----- Dataset

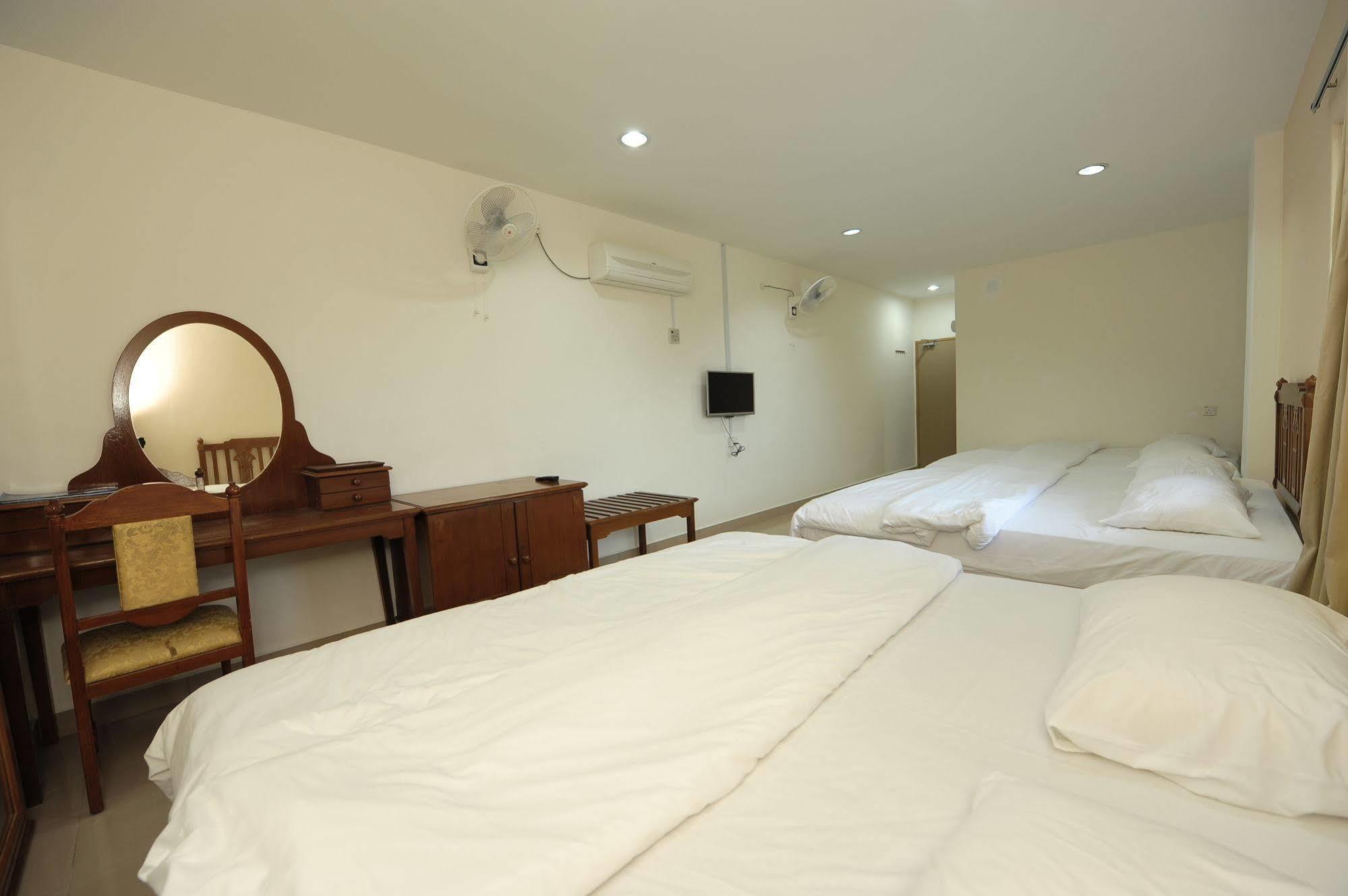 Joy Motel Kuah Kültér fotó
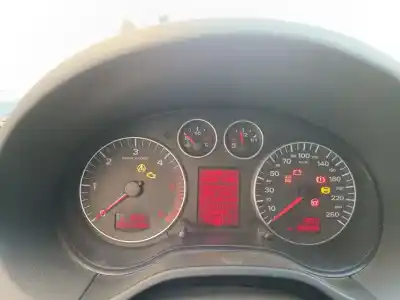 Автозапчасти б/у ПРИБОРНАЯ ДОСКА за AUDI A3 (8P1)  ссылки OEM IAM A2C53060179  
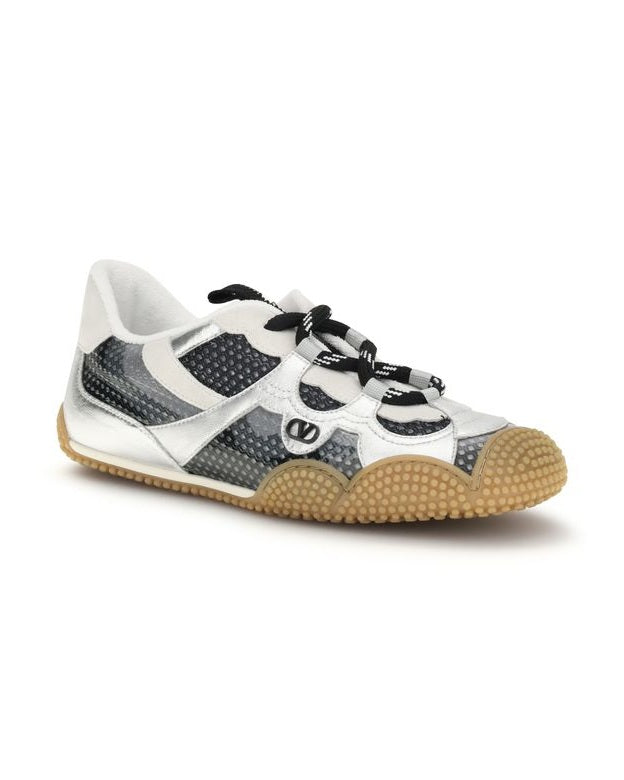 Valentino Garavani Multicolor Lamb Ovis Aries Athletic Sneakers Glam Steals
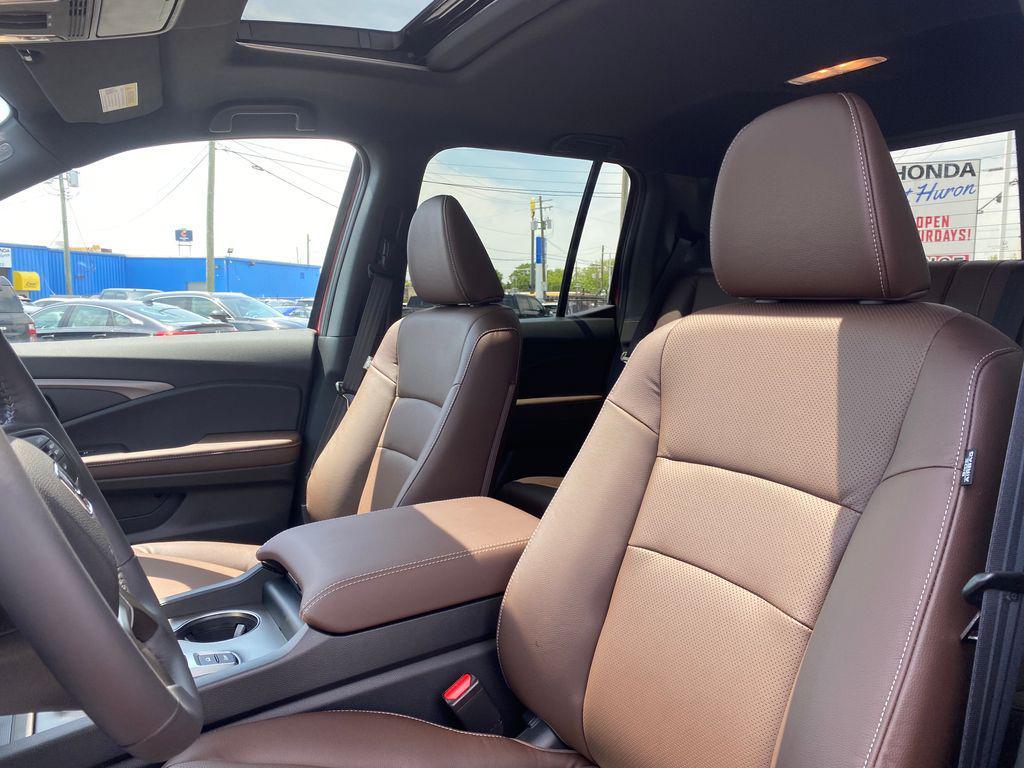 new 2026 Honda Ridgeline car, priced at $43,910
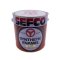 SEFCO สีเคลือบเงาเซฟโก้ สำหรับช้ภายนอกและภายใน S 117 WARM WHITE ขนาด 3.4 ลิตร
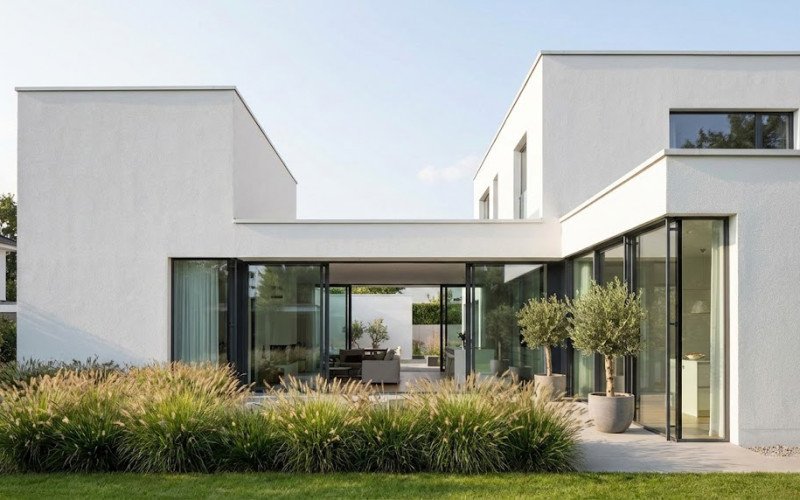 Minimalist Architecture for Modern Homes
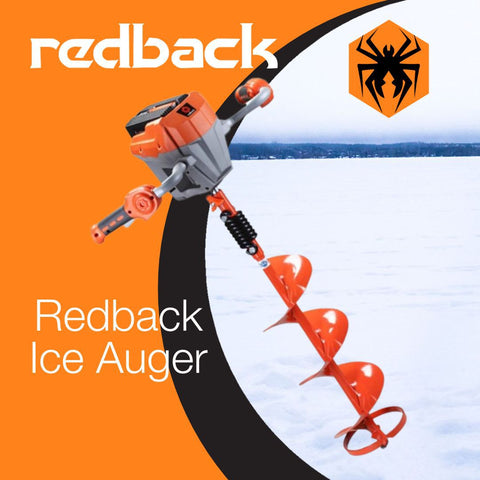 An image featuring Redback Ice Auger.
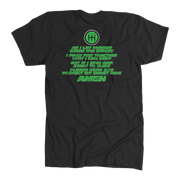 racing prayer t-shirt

----------
----- Dataset

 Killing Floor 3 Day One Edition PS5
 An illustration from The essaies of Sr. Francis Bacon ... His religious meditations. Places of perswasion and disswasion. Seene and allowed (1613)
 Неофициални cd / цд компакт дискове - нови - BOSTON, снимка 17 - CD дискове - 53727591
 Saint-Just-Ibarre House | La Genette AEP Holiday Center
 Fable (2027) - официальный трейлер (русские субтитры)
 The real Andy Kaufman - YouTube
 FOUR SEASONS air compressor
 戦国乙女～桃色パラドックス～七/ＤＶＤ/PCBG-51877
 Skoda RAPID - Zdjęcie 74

----------

**Assignment**
Within the material above, the line with "The real Andy Kaufman - YouTube" opens the range and the line with "Skoda RAPID - Zdjęcie 74" closes it; reproduce that range word for word.

**Answer box**
 The real Andy Kaufman - YouTube
 FOUR SEASONS air compressor
 戦国乙女～桃色パラドックス～七/ＤＶＤ/PCBG-51877
 Skoda RAPID - Zdjęcie 74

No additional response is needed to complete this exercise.